We know, of course, that these are not the only people who should be cited when discussing the manufacturing, social and economic miracle that remains, to this day, the driving force behind this country and our balance of trade.
There is also the host of clients, industrialists, suppliers, small and medium-sized enterprises who should be mentioned: in short a whole other, unique set of people, the ones who have given material form to prototypes and products, turned designs into real things, ideas into actual objects, concepts into technological solutions, and revealed to the world what happens when enterprise takes up the challenges set by creative minds.
Then there is a third host: the objects themselves, all those complex, aesthetically pleasing products and utensils that have always filled the pages of magazines like Abitare, the showroom shelves, the furnishing stores, the rooms of our homes.
The host of creative minds presented in sequence on the pages that follow – which are organised by date of birth – would be nothing without these other two groups.
This issue of Abitare reflects for the ways in which, for each and every designer, their lives and experiences have intertwined with their clients as they have exchanged ideas regarding hopes and expectations for the product concerned.
But this is just the beginning. We are convinced that these pages do not just provide excellent subject matter for a 50th birthday celebration; they are also the first, crucial piece of a jigsaw that reconstructs the history of Italian design; another step towards finally building that “design museum” which we have been working on over the last few months with Enzo Mari.
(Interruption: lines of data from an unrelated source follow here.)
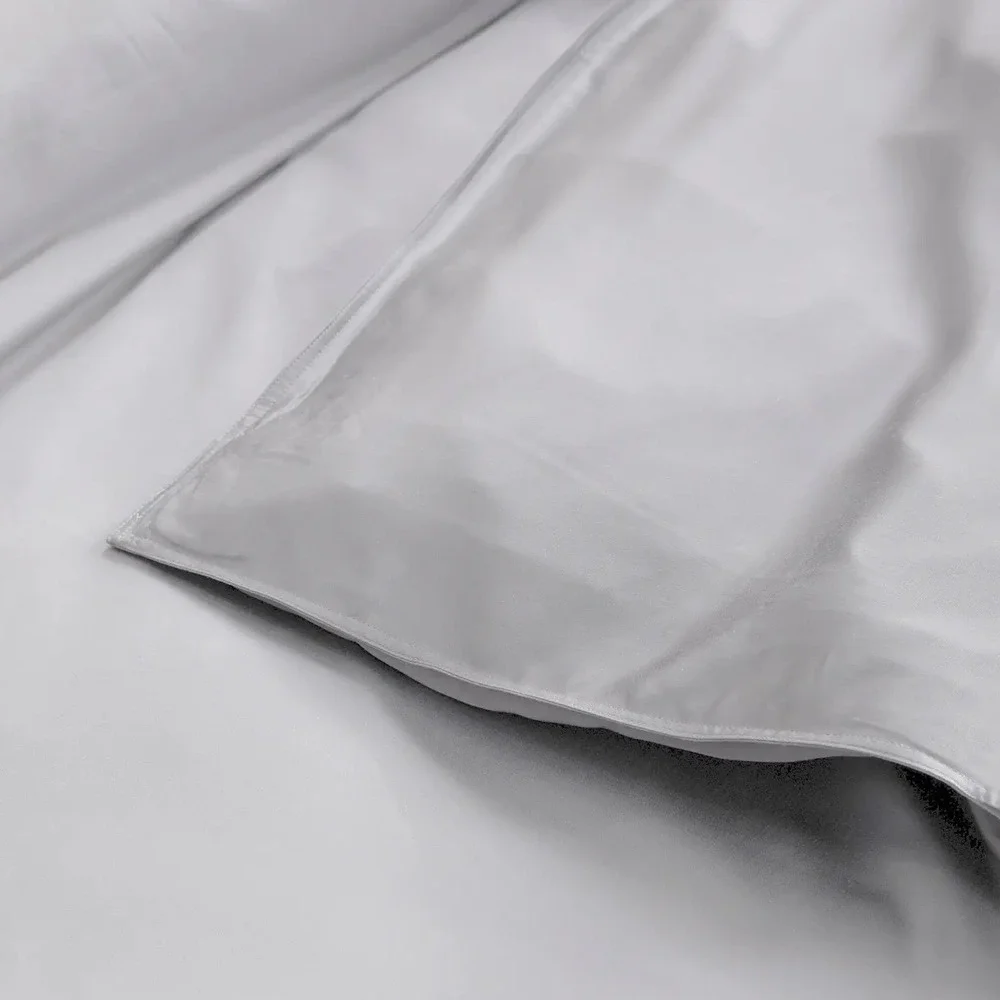 Quince Bamboo Duvet Cover King Cal King Light Grey Organic Quiet Luxury Bedding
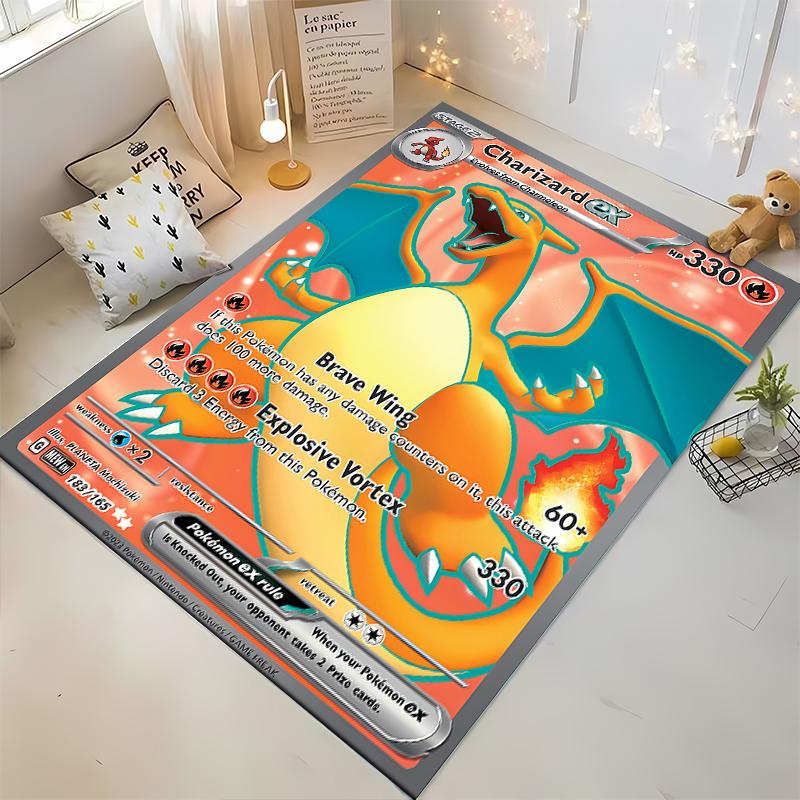 Potdemiel Japanese Anime Pokemon Charizard Card Pattern Carpets Bedroom Mats Rug Bedroom Decor Carpet Crawl Mat Christmas Gift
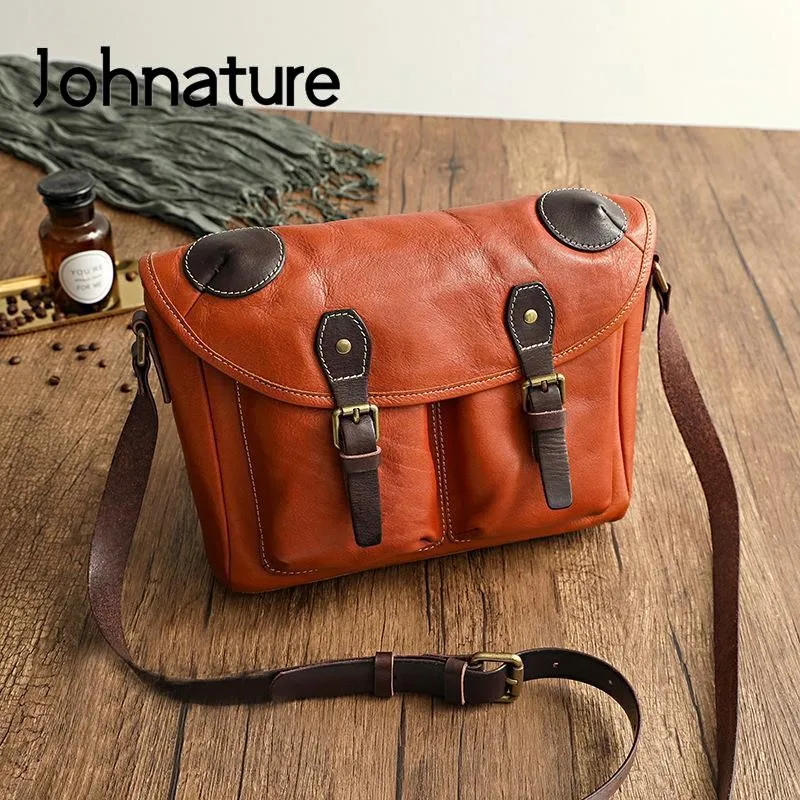

Johnature Simple Handmade Genuine Leather Women's Bag 2025 New Casual Natural Cowhide Shoulder Bags Large Capacity Messenger Bag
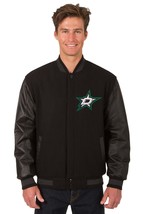 NHL Dallas Stars Wool Leather Reversible Jacket Front Patch Logos Black JHD - £175.63 GBP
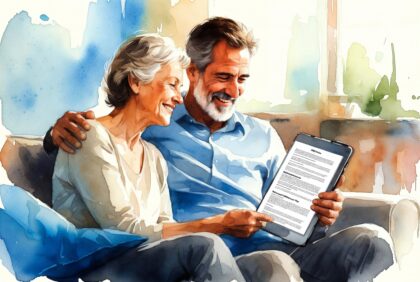 Happy mature couple reviewing RMD rules and retirement withdrawal plan on tablet at home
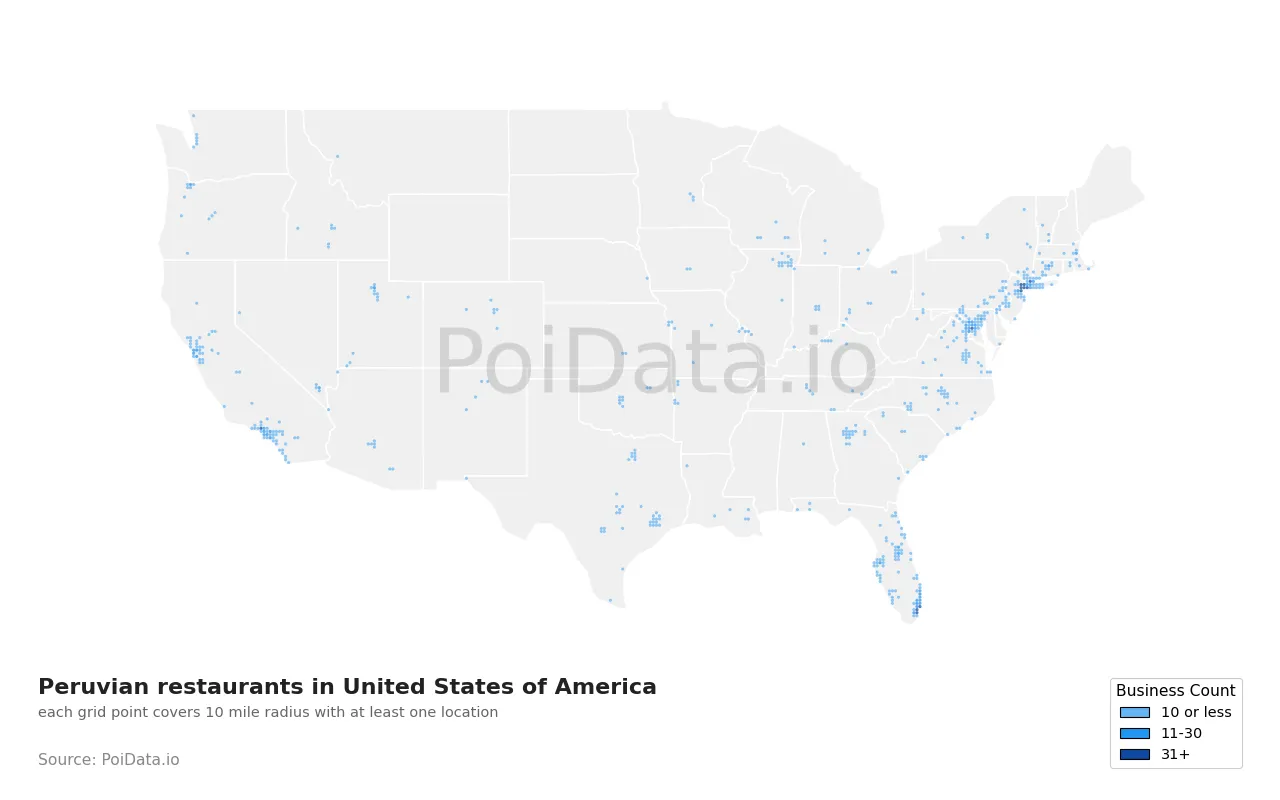 Peruvian restaurant density map for United States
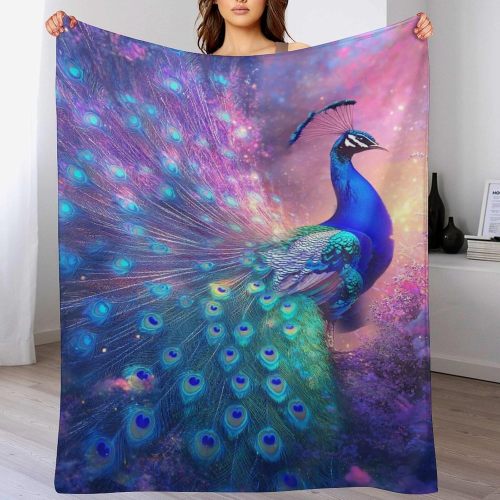 Cozy Peacock Print Flannel Blanket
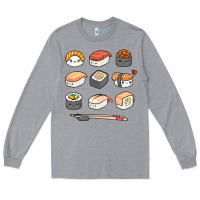 Heather Grey happy sushi kawaii anime japanese food lover funny illustration gift Long Sleeve Tee - linhVisuals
During the 50 years of Abitare’s existence, which have seen a period of extraordinary growth in Italian creativity, and in the ability of firms to take risks and to innovate lifestyles, the architecture and design magazines have always selected what to present and analyse with care, patience and elegance, drawing on this great river of individuals, objects and places. They have looked at different approaches, choices, passions, idiosyncrasies, reactions, advices and sometimes serious critiques. Whether we like it or not, without Abitare and all the other enlightened Italian magazines, there would be no remarkable story to tell.